Warning, for those who like to instant gratification when uploading a webpage, such is not the case with creating your own syndicated site.  It may take your aggregator (different aggregators have different update times) some time before it updates your feed and the new item becomes available.

RSSeditor v0.9.54: (http://www.rss-info.com)

Pros:  Nice Interface, inexpensive.

Cons: Writes out proprietary project file.  Can not (or at least what I found) import or export prior RSS projects.

FeedForAll: (http://www.feedforall.com/Pros. It grows on you.

Cons.  Somewhat expensive at $50, does not upload your content pages, somewhat cryptic.

 

 The explosion of information on the web is a blessing and a curse, with too many sources  and too little time.  To keep up, many of us bookmark our favorite sites and hop from page to page, looking for the latest updates. Now with RSS, you can scan the latest information from all those sites from a single page.

RSS, which stands for Really Simple Syndication, is a way for content providers  to disseminate  updated information on the web.  Much as you might subscribe to a print publication and receive the latest issue of the New York Times, with RSS you can subscribe to all or part of the digital version,and have it brought to your desktop.  Do you also read the Washington Post, Time magazine,  your favorite journal or Dilbert?
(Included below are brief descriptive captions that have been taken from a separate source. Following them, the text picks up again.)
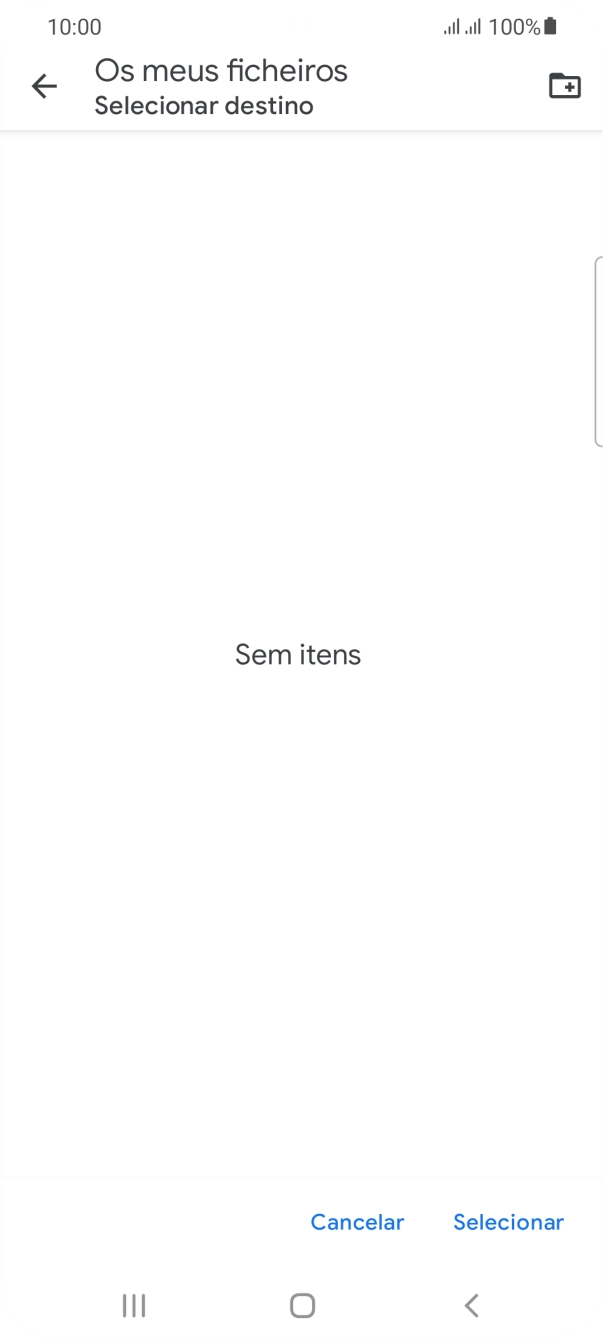 Se quiser criar uma nova pasta, prima o ícone de nova pasta e siga as indicações no ecrã para criar uma nova pasta.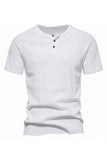 Buttons Summer Short Sleeves Casual Men's T-shirt
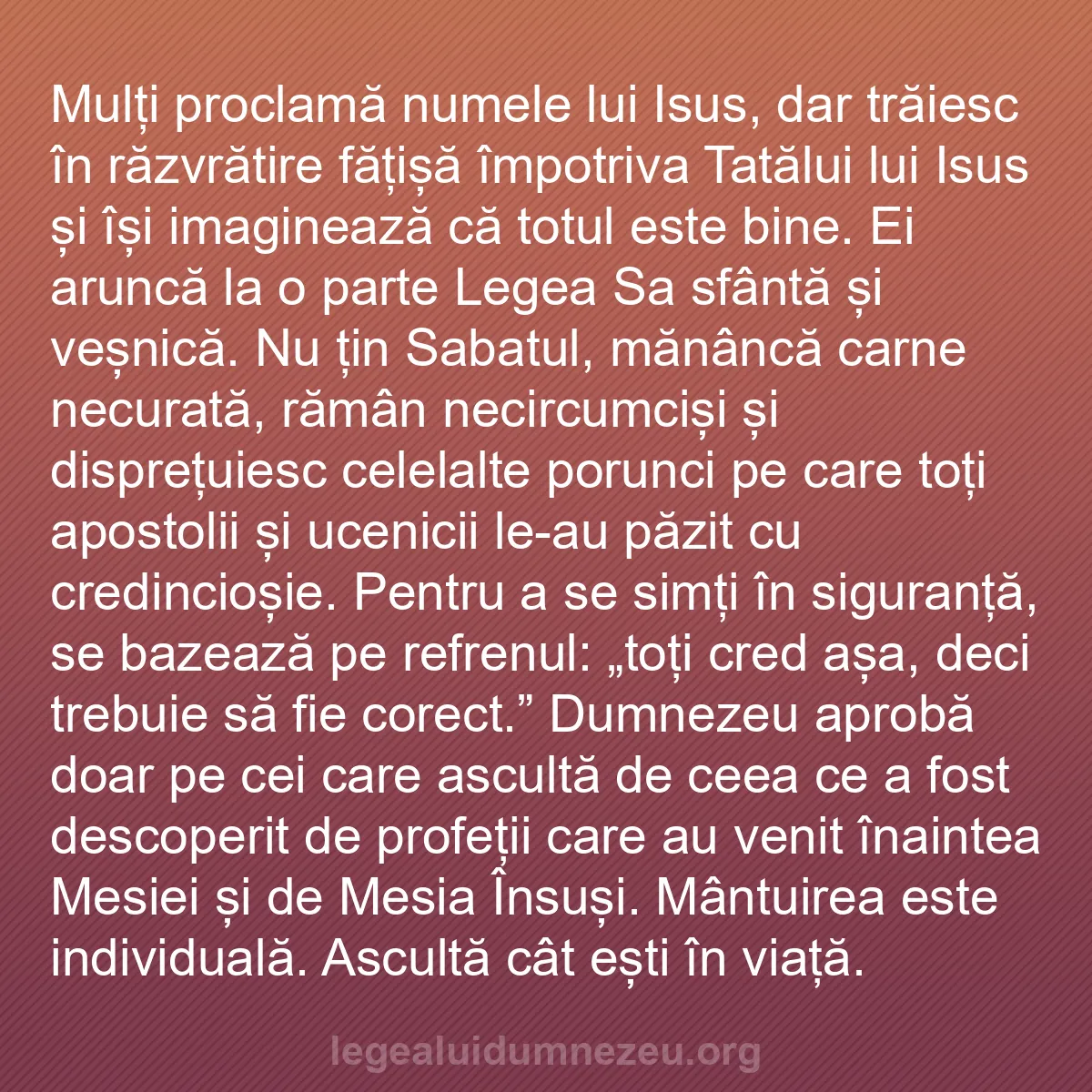 b0386 - Postare despre Legea lui Dumnezeu: Mulți proclamă numele lui Isus, dar trăiesc în răzvrătire fățișă...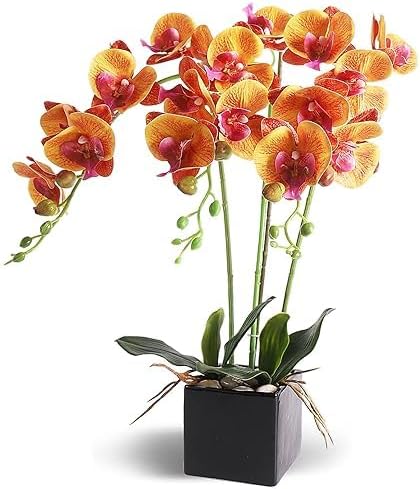 YOBANSA Bonsái artificial de orquídea de Phalaenopsis con florero, arreglos de flores de seda de orquídea falsa para decoración de mesa y oficina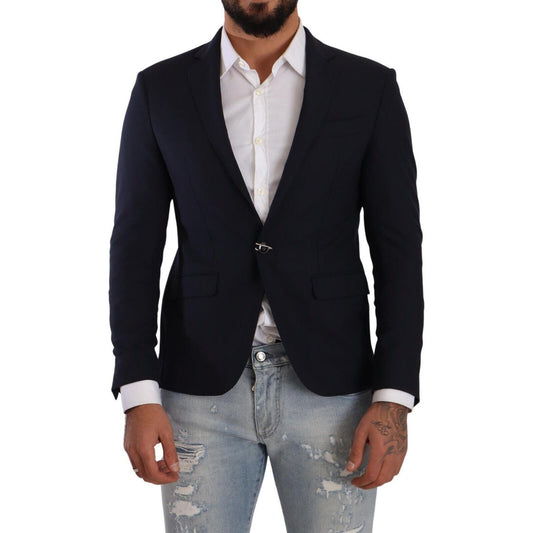 Elegant Slim Fit Dark Blue Blazer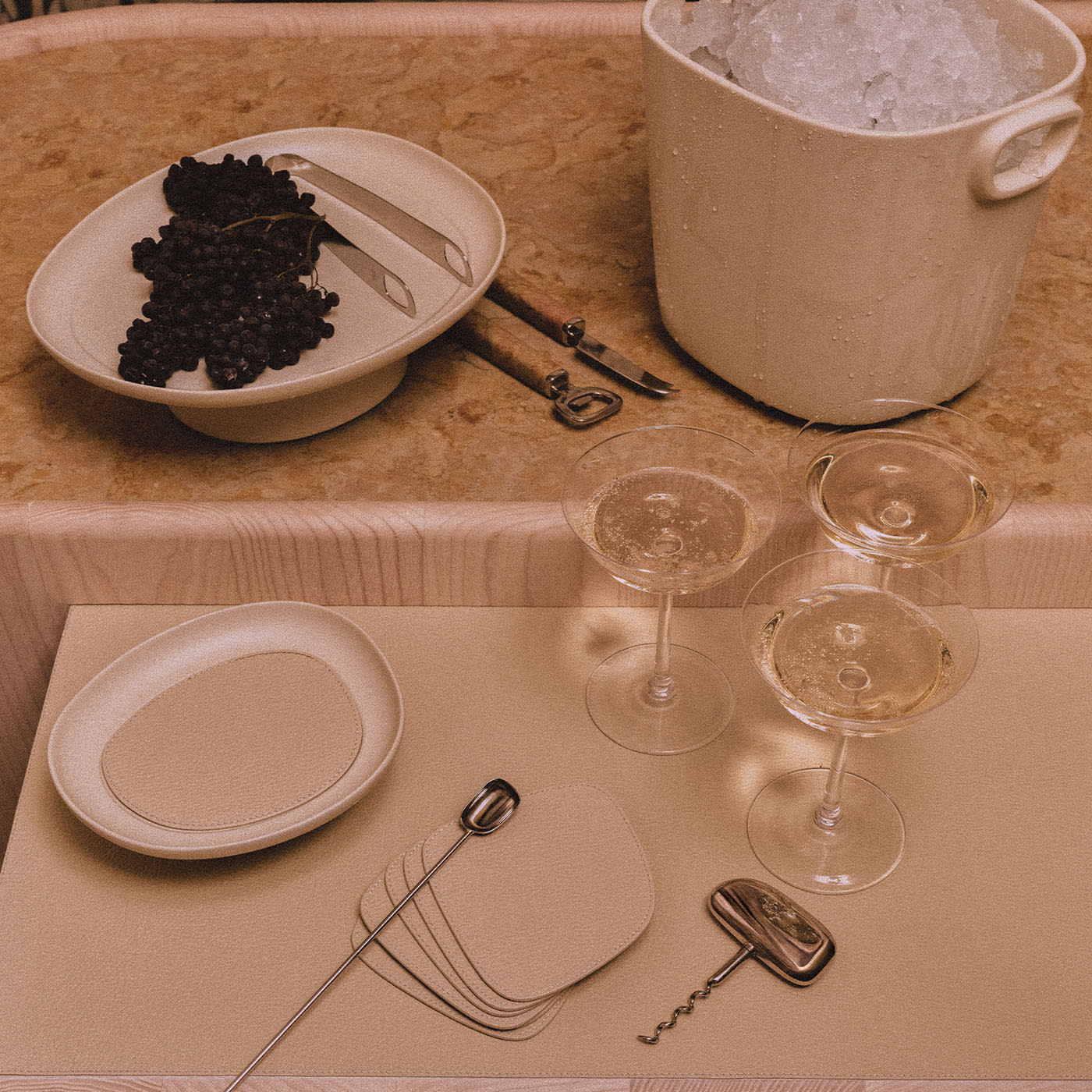 GIOBAGNARA | SET OF 6 MARIS BEIGE LEATHER COASTERS BY KELLY WEARSTLER | $240.00 - Image 2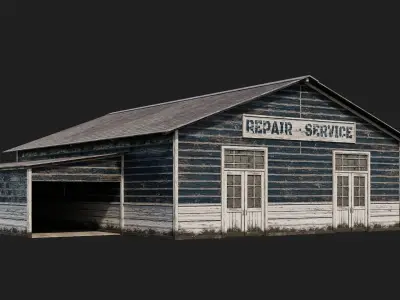 45-46-47-48 - Farm Buildings 4K PBR GameReady Low-poly 3D model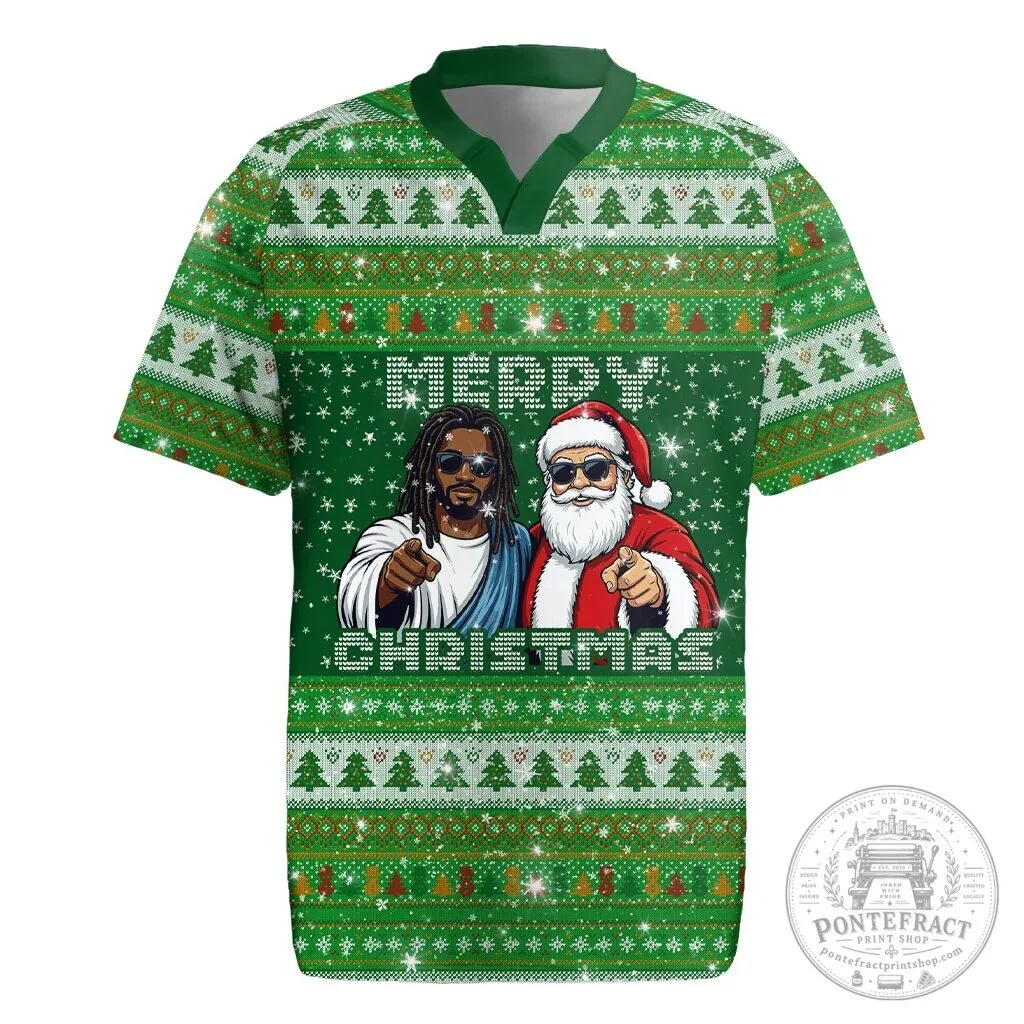 Black Jesus And Santa Claus Merry Christmas Ugly Sweater Baseball Jersey 1 Black Jesus And Santa Claus Merry Christmas Ugly Sweater Baseball Jersey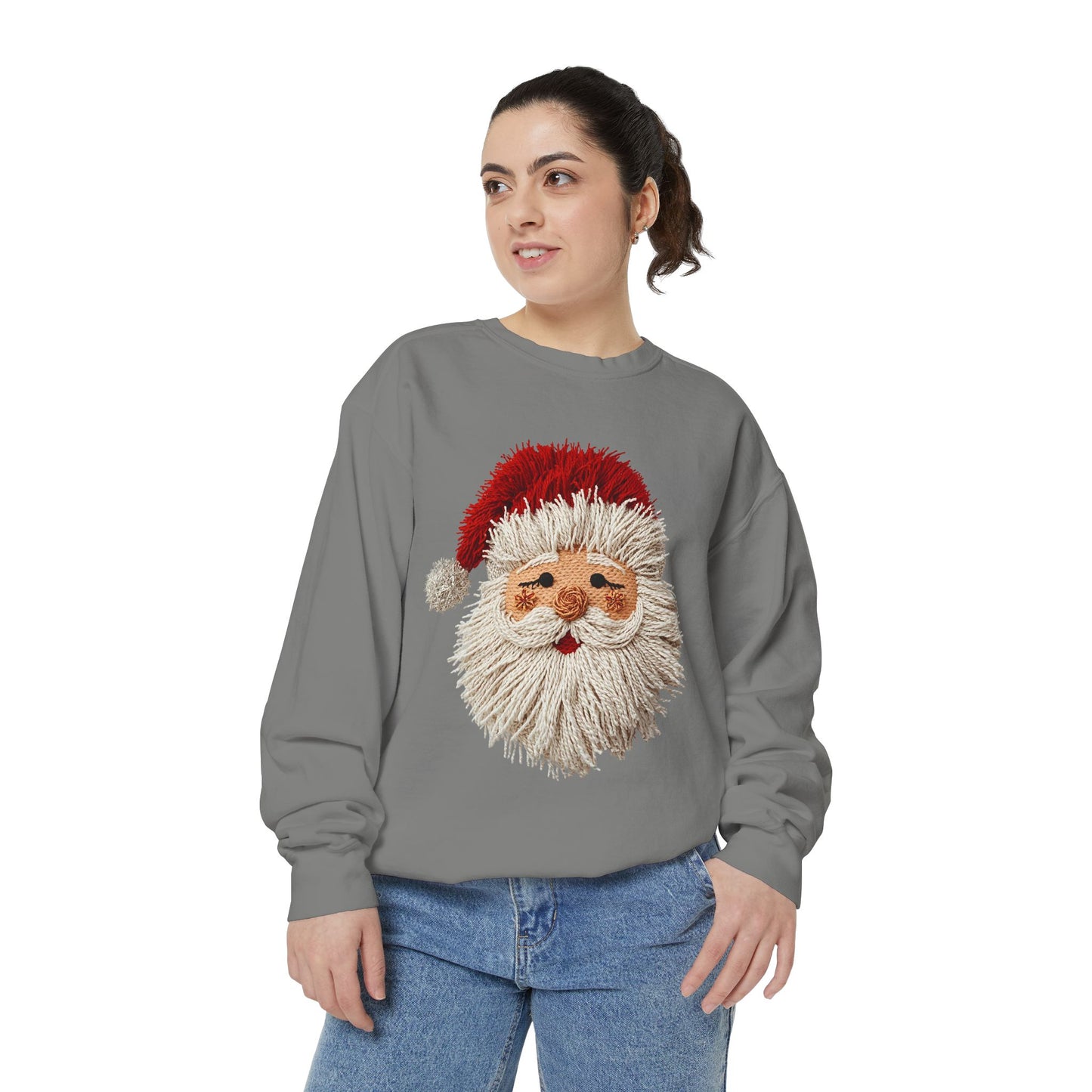 Santa Face Garment-Dyed Sweatshirt Comfort Colors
Add them to your list of feeds and get the latest updates in the same place.

Using the XML format, websites provide an “easy button”  ( that ubiquitous orange icon,   RSS  )  which allows you to pull their content to  you. You might wish to use a website that collects or aggregates your feeds such as bloglines,  or you could insert the feeds as live bookmarks right into your personalized homepage or  course authoring site. 

RSS allows you to  stay current, have your students stay current, and add dynamic content to class discussions.